For five minutes they had been looking into one another’s eyes, and suddenly, without obvious reason, Craddock blushed. Bertha noticed it, and a strange little thrill went through her; she reddened too, and her dark eyes flashed even more brightly than before.

“I wish I didn’t see you so seldom, Miss Bertha,” he said.

“You have only yourself to blame, fair sir. You perceive the road that leads to my palace, and at the end you will certainly find a door.”

“I’m rather afraid of your aunt.”

It was on the tip of Bertha’s tongue to say that faint heart never won fair lady, but for modesty’s sake she refrained. Her spirits had suddenly gone up and she felt extraordinarily happy.

“Do you want to see me very badly?” she asked, her heart beating at quite an absurd rate.

Craddock blushed again and seemed to have some difficulty in finding a reply; his confusion and his ingenuous air were new enchantments to Bertha.

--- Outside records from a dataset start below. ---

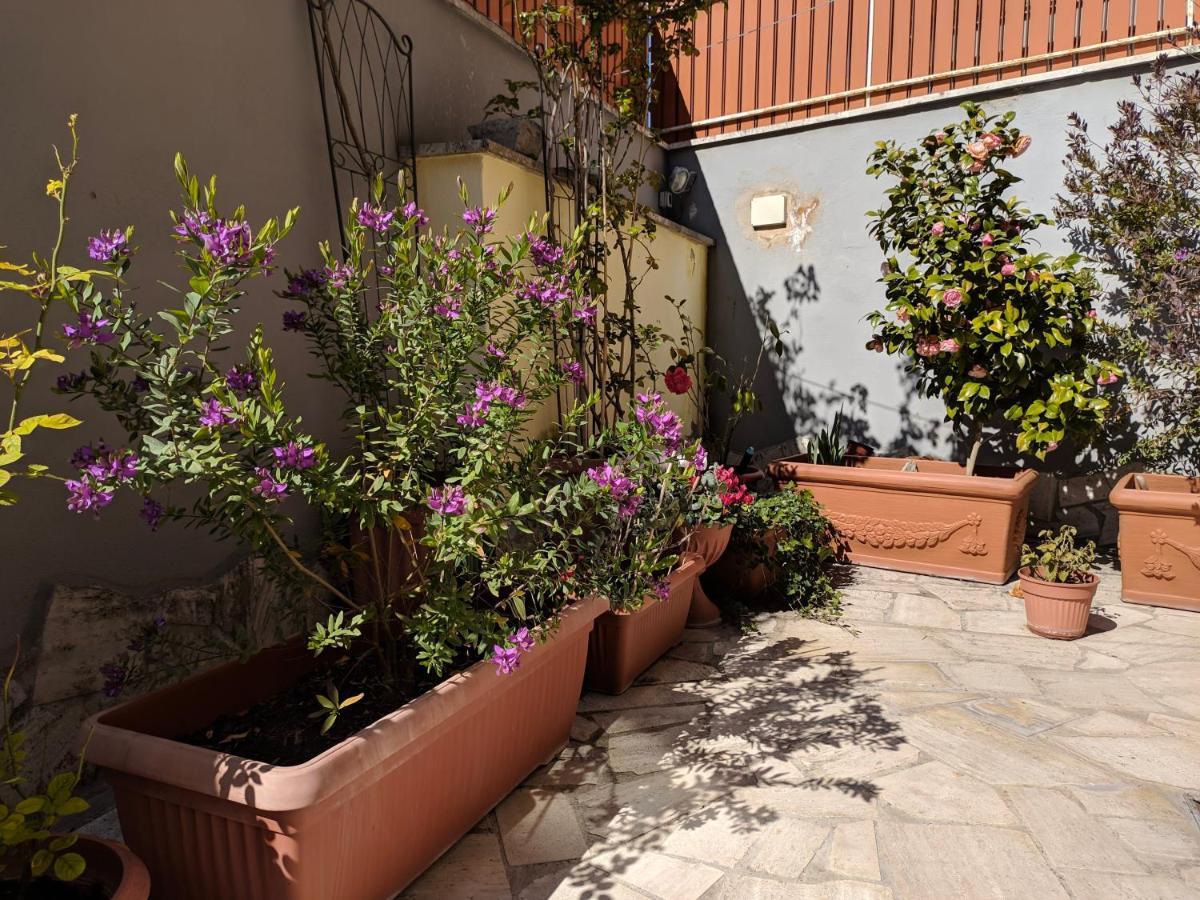 La Casetta Gialla โรม ภายนอก รูปภาพ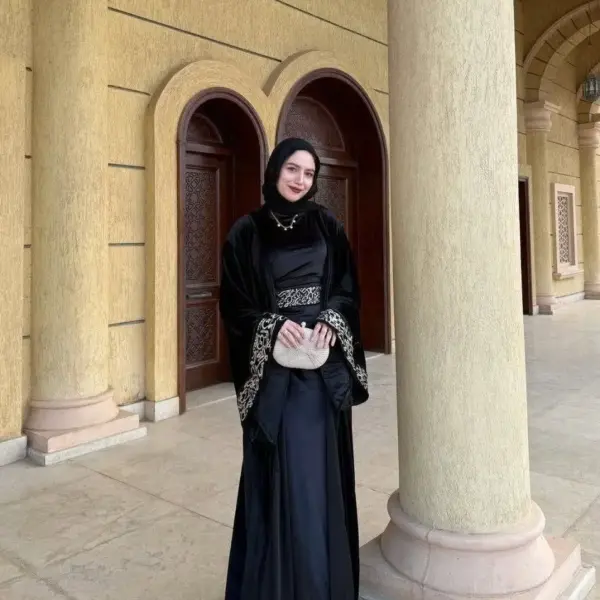 عبايه سلطانة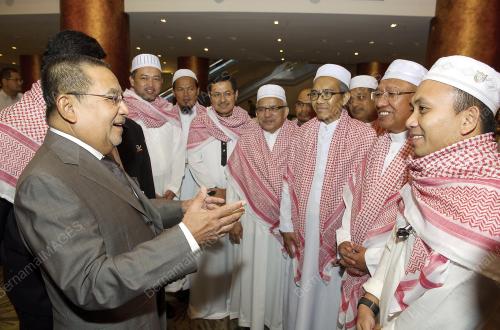 KL21_08082016_HAJI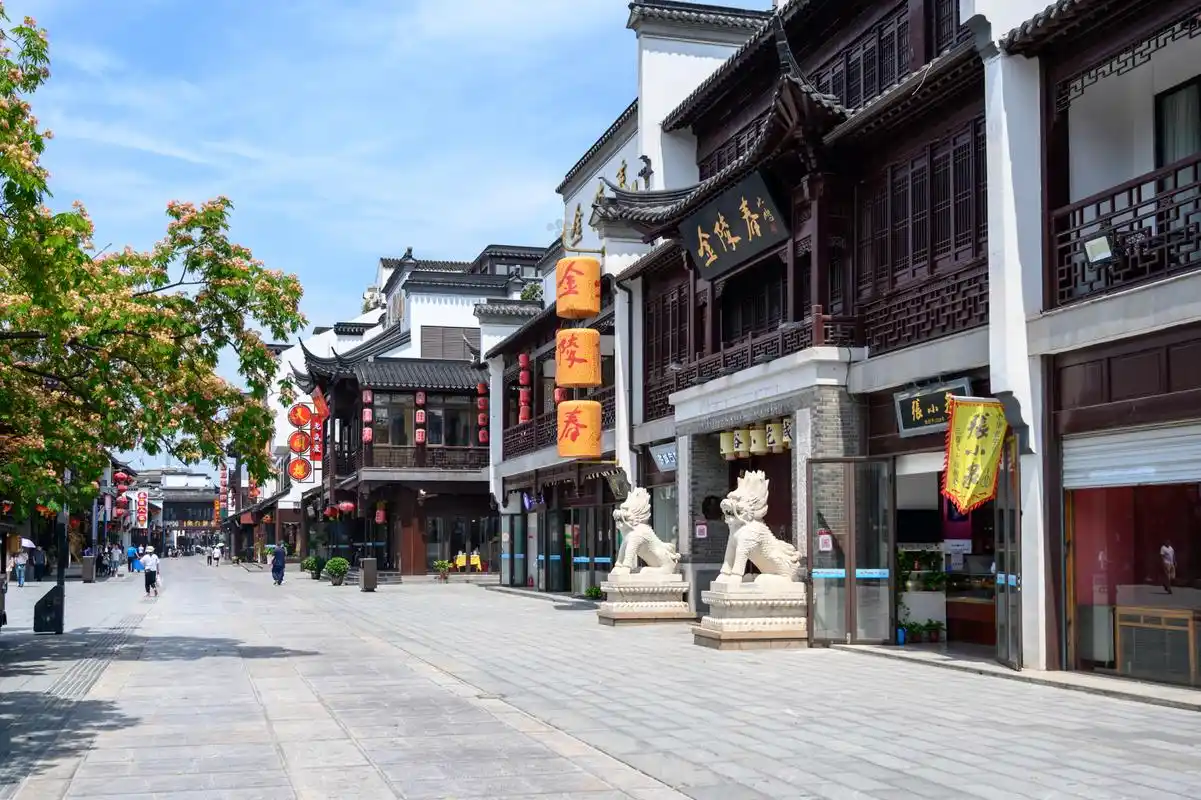 实拍南京夫子庙没有了往日的人山人海街道整洁干净变美了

“If he only knew how I adored him!” she thought; but naturally she could not tell him in so many words.

“You’ve changed so much in these years,” he said, “I don’t understand you.”

“You haven’t answered my question.”

“Of course I want to see you, Bertha,” he said quickly, seeming to take his courage in both hands; “I want to see you always.”

“Well,” she said, with a charming smile, “I sometimes take a walk after dinner to the gate and observe the shadows of night.”

“By Jove, I wish I’d known that before.”

“Foolish creature!” said Bertha to herself with amusement, “he doesn’t gather that this is the first night upon which I shall have done anything of the kind.”